Hungarian court rules for written apology and financial compensation for evicted shack-dwellers

Ez a cikk több mint 7 éves.

ítélet.jpgOn February 24, 2014 the Court of Budapest ruled that the municipality of the 14th district of Budapest acted illegally when it destroyed the shacks and other possessions of homeless people on October 18, 2011 (see the photos of the destruction here). When the authorities started to destroy the huts, many inhabitants were not at home, so they were not able to save any of their belongings. Those who were there were forced to witness the destruction of their homes.

At the time, the six plaintiffs had lived in these self-built shacks for as long as 6-8 years. Even though their homes had been constructed illegally, the owner of the land (the Hungarian Railroad Company) had never initiated any action against them. The day before the destruction of the shacks, the local municipality signed a rental contract with the company in order to carry out „cleaning activities.” Apparently, this was an attempt by the municipality to create an appearance of legality.
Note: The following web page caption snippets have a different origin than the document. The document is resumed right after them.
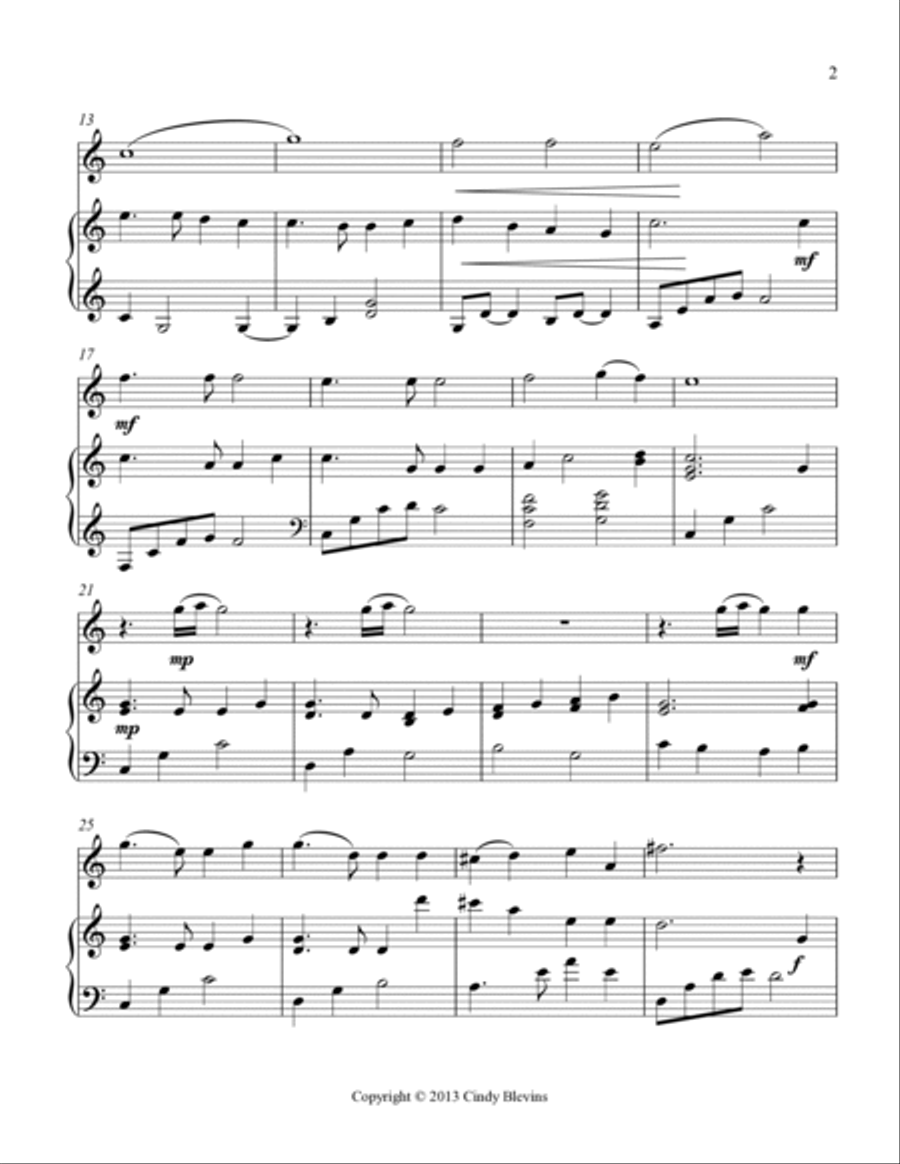 America, the Beautiful, for Harp and Native American Flute Flute scores gallery preview page 3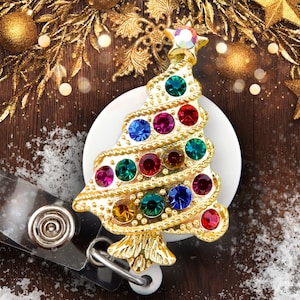 Christmas Tree Badge Reel – Holiday Rhinestone Retractable ID Holder for Nurses
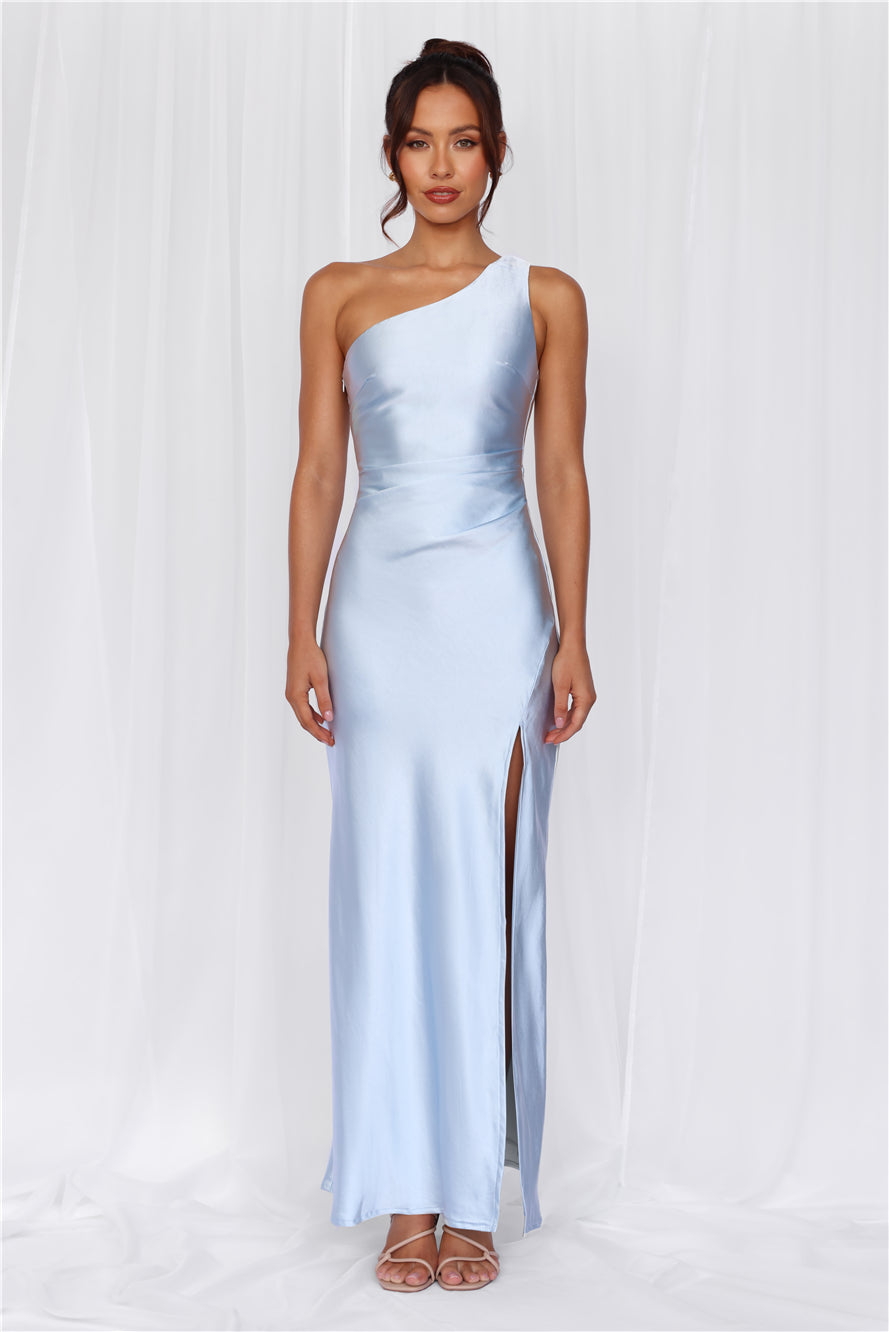 HELLO MOLLY The Aurora One Shoulder Satin Maxi Dress Blue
However, the municipality did not properly notify the inhabitants about the impending eviction nor did they produce any legal documents authorizing such action on the premises.

A few months after the destruction of their homes, the plaintiffs – with the help of The City for All and the National and Ethnical Minority Legal Defense Office – sued the municipality for destroying their homes and possessions without any legal procedures, thus violating their right to equal treatment, a fair procedure and human dignity.

After five hearings between October 2012 and February 2014, the Court finally ruled that the municipality did in fact violate the personal rights of the plaintiffs, including their right to human dignity, and it also violated its obligation to equal treatment by destroying the shacks without appropriate prior notification. The Court ordered the municipality to pay the equivalent of about €1600 to each plaintiff as compensation, plus interest since the date of the eviction. In addition, the court obliged the municipality to apologize to each plaintiff in writing.

As the first decision in the history of Hungarian law regarding the destruction of self-built shacks, this case has historic significance. According to Erika Muhi, the legal representative of the homeless plaintiffs, this decision sends a clear message to all local authorities: „they cannot do anything they want” to homeless people. The decision is not legally binding as the municipality has 15 days to file an appeal.